We will hold AtCoder Regular Contest 124.

- Contest URL: https://atcoder.jp/contests/arc124
- Start Time: http://www.timeanddate.com/worldclock/fixedtime.html?iso=20210725T2100&p1=248
- Duration: 120 minutes
- Number of Tasks: 6
- Writer: camypaper
- Tester: tatyam, maspy
- Rated range: — 2799

The point values will be 300-400-500-700-800-900.

We are looking forward to your participation!

I have a question. That is if I register for a contest and I don't participate in that contest(don't submit anything). is it impacts my rating? (the question is for both codeforces and atcoder).

No.

Hope for a good contest.

I hope to become green in Atcoder.

Good luck bro!

Hope for a good contest!

Who's the problem setter of D?

(I'll knit his name on my death list.)

Why does using set gets TLE submission while simple sort works submission .Are sets slower? also, which 1 test case does this(C) fail on?

Hey, do you mind explaining your approach to B ?

Your C fails probably bc of int32 overflow of LCM. Btw LCM is usually calculated as a/gcd(a, b)*b for this reason but in this case only long long should help.

Thanks for the reply but I have used long long(#define int long long).
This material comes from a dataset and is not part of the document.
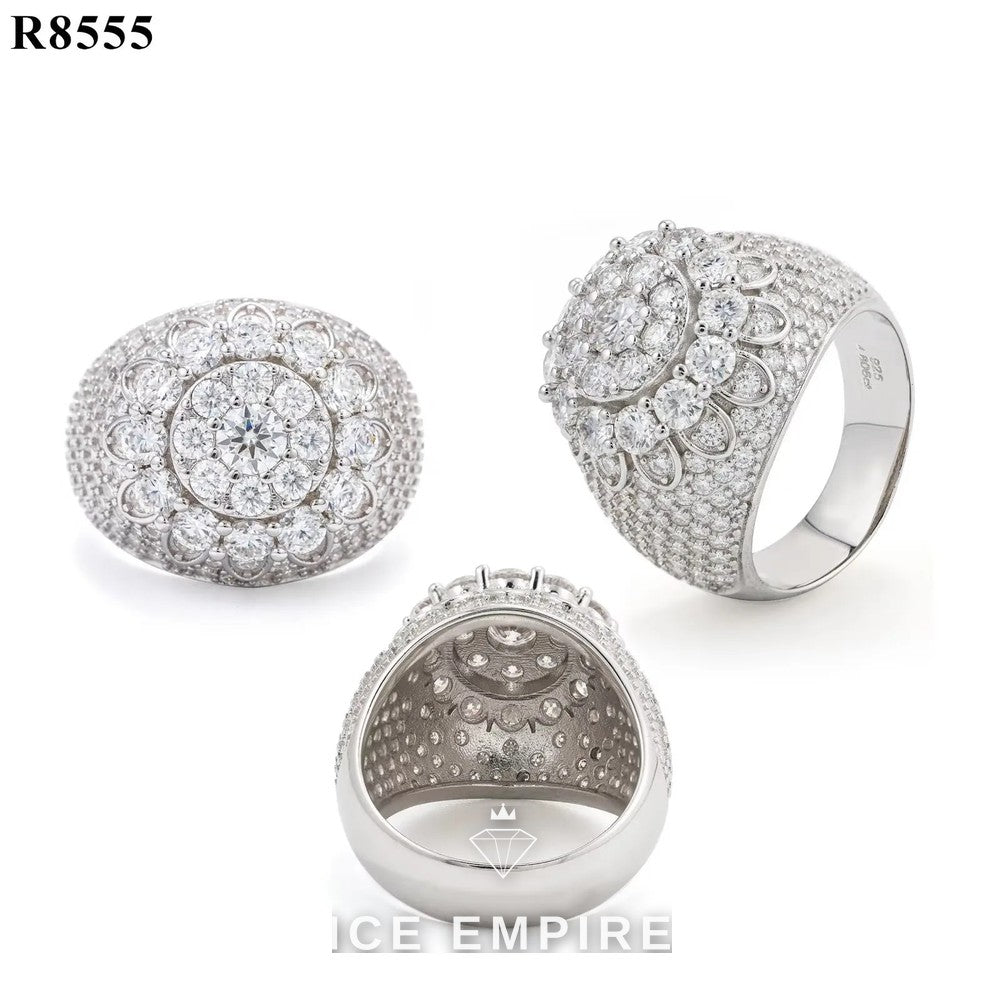 Iced Out 925 Silver Moissanite Ring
The problem with my C is in the approach itself as pointed out in this comment https://codeforces.cc/blog/entry/93165?#comment-820716

https://atcoder.jp/contests/arc124/submissions/24542794 Can anyone help me find what's wrong in my solution in problem B? It is passing 34 cases but failing in 7

I got similar results before accounting for duplicate items.

I think I did account for duplicate items.Can you please check my code what's wrong?
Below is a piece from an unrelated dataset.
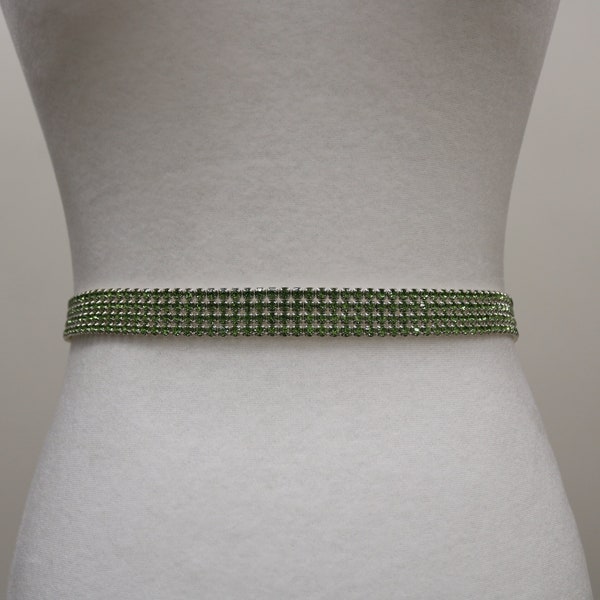 Green Swarovski rhinestone bridal belt, green bridal belt, Wedding sash belt, Wedding dress belt, Bridesmaids belt, prom belt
Sorry, getting ready to die in global round.

If it turns out to be a coincidence matching the number of WA results, sorry for the distraction!

fwiw, I remember getting funny stuff from:

Can someone please explain the dp part in the editorial for E?

Codeint n;

Problem C

Can anyone tell whats wrong in this code..it is passing 72/73 test cases..What is that one case which it is failing at?

It's a greedy strategy... it will make locally "correct", but globally wrong choices. Example:

The correct output is 2. Your program tries to save a common factor of 3 after the first two packs, but this dooms it to a worse final result. The test data was probably not very good if this approach was able to pass 72/73 test cases.

https://atcoder.jp/contests/arc124/submissions/24552411

Can you please check this one out what's wrong here? It passes 72/73 cases as well.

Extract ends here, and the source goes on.